For all its virtuosity, “Once Upon a Time…” is something of a stunt itself, and a middle finger to anyone boring enough to take a sober attitude toward cultural influence, never mind responsibility. One of the Mansonites, Sadie (Mikey Madison), has a revelation: They have all been brought up on television made in Hollywood, television rife with violence and murder, so they have been taught to murder by television. Let’s murder the people who taught us to murder! It’s a ridiculous line of reasoning, and Tarantino is not only laughing at all the would-be censors in the world—and making a madwoman their nightmare alter ego—he then launches into a sequence so horrifically violent that my companion at a screening grasped my arm in terror.
He is not necessarily wrong about media and violence and censorship. But he doesn’t give us anything else. We know what Rick and Cliff and Sharon Tate mean—he barely has to waste time setting them up as characters because they conform so easily to expectations and what we already know about them as types. What do the Manson Family members mean? What is evil in “Once Upon a Time…in Hollywood”? Where does it begin and end, and where does it come from?
The deranged hippies in Tarantino’s portrayal are rendered absurd, and thus comic, and ultimately no more than props in what is ultimately an adolescent exercise. Tarantino likes to make fun of cultural ephemera but ultimately doesn’t rise very high above it.

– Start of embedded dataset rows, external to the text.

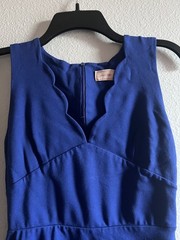 Love…ady short Dress Women&rsquo;s Size Small/medium fit and flare Scallop Neckline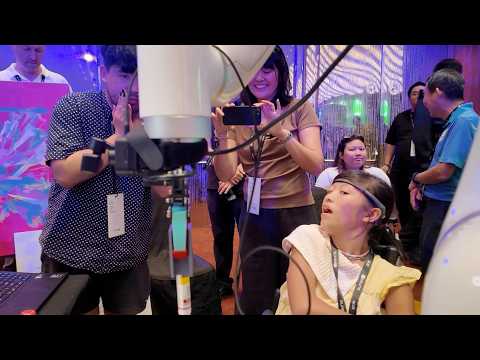 Tesseract MindFlow at SuperAI 2026: a robot that paints from brainwaves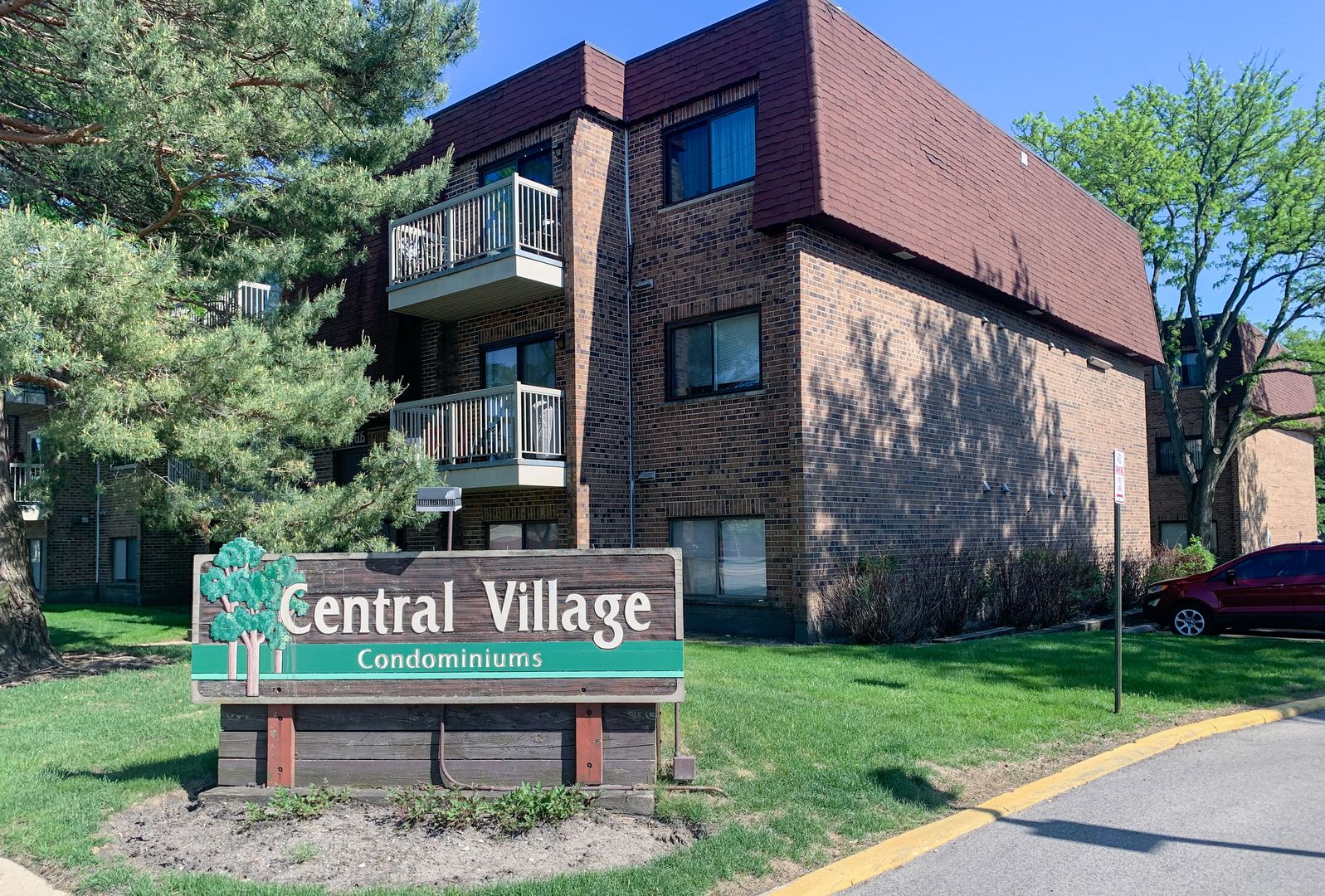 715 W Central Road #A8 — Mount Prospect, IL 60056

What strikes me about Tarantino's movies is that the banter never stops. The characters never shut up. And they love to hear themselves talk. There's no moral in the dialogue either. I've watched some of his movies but I don't feel any compulsion to see them all.
Tarantino likes to make fun of cultural ephemera but ultimately doesn’t rise very high above it.
Very accurate. Kill Bill I, II and now III, Pulp Fiction, Natural Born Killers, all horrific statements about himself, his disdain for life and the lost culture that celebrates him. So glad you recognized he is not a great director but a dark soul.
Here is my take on Once Upon A Time in Hollywood. I think it is very redemptive. https://www.facebook.com/1156404657/posts/10218466644394841?s=1156404657&sfns=mo
The movie makes some powerful statements about the decay of traditional masculinity (represented in part by the Nazis at the beginning of the film), both within the Hollywood culture and within the Manson cult. An emasculated Dalton cries, throws an overly mature young girl to the floor, is clearly uncomfortable being a husband (he marries a woman he can't communicate with due to a language barrier), and casually floats in the pool as the murders take place (he only comes alive when his sidekick is stabbed, foreshadowed by the stabbed tire); Booth is the hero, but he is the murderer of his former wife; Polanski is absent when his wife is murdered (and his sincerity toward the marriage is doubted early in the movie); Manson is absent from the abode of his dirty, neglected, mostly female followers and leaves the dirty work of murder to the women. Absent men and naive, male-dependent, vulnerable women populate this film. No moral lesson but certainly a condemnation.